Voglia di fotoromanzo. Torna la rivista Sogno

Negli anni del Boom, e per un paio di decenni ancora, Sogno è stata una delle tre riviste - con Bolero e Grand Hotel - che si contendevano a colpi di milioni (di copie) il mercato del fotoromanzo. In palio un pubblico per lo più femminile, fedelissimo e affamato d’amore e sentimenti, che non perdeva una puntata di quei «romanzi d’amore a fotogrammi» e decretava un successo da star hollywoodiana agli interpreti di quelle storie. Si trattava di un fenomeno super popolare che si è però esaurito all’alba del nuovo millennio, seppure non del tutto sparito: Grand Hotel esiste ancora, ancora pubblica fotoromanzi e continua ad avere tirature che molti gli invidiano.
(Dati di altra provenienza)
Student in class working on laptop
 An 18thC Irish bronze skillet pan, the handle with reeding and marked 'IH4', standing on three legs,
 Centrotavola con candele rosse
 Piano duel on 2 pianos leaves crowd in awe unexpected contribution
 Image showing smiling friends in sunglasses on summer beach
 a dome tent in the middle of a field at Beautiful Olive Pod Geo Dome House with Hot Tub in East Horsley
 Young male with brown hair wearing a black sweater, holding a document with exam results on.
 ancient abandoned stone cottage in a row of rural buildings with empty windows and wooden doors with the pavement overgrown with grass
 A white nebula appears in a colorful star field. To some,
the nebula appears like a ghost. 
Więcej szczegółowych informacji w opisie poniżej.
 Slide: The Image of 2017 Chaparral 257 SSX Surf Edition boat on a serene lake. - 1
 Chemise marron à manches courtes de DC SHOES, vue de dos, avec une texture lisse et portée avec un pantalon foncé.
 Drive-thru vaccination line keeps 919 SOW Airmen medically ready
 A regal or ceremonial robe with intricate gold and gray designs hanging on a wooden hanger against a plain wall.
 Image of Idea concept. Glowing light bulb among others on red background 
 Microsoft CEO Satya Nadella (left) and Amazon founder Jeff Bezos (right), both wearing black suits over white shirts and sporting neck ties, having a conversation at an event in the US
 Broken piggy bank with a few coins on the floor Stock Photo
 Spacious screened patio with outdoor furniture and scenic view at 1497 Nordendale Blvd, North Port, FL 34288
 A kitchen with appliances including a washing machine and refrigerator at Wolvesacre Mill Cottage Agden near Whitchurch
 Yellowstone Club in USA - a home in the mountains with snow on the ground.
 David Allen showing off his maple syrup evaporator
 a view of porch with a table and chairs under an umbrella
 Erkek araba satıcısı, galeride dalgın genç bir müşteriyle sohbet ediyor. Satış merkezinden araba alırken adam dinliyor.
Nato nel 1947, tra alterne vicende, Sogno aveva resistito fino a circa un decennio fa, poi la casa editrice che lo realizzava, Lancio, era definitivamente fallita e la testata finita in mano a un curatore fallimentare. Fino all’altro ieri, però. Mario Sprea, che vi lavorò per decenni, e il figlio Luca l’hanno rilevata ed è da un anno che lavorano per la sua rinascita.
Sogno è tornata così in edicola dal 24 luglio. E torna proponendo, alternati a servizi di attualità, interviste ed enigmistica, gli stessi fotoromanzi con gli stessi attori degli anni d’oro: le sorelle Rivelli, Claudia e Francesca (che diventerà poi famosa come Ornella Muti), Franco Gasparri, Paola Pitti e Katiuscia (le sorelle Piretti), Michela Roc, Pierre Clement, Vittorio Richelmy. Agli albori della sua carriera anche Sofia Loren, allora Sofia Lazzaro, posò per Sogno: una copertina che le fu dedicata è esposta al Moma.
«È una scommessa, ma ci credo: quelle storie sono sempre moderne e attuali. C’è il pubblico di allora e ci sono i più giovani che le scoprono con curiosità» dice Mario Sprea. Centottanta mila copie, uscita settimanale, copertina del primo numero dedicata a una delle massime star della Lancio, Katiuscia, l’impresa è stata titanica. Di una rivista fatta di foto, le pellicole originali non esistono più. «Per riprodurre le vecchie storie abbiamo fatto un gran lavoro di ricerca presso i collezionisti, poi via di scanner e photoshop. La differenza quasi non si vede».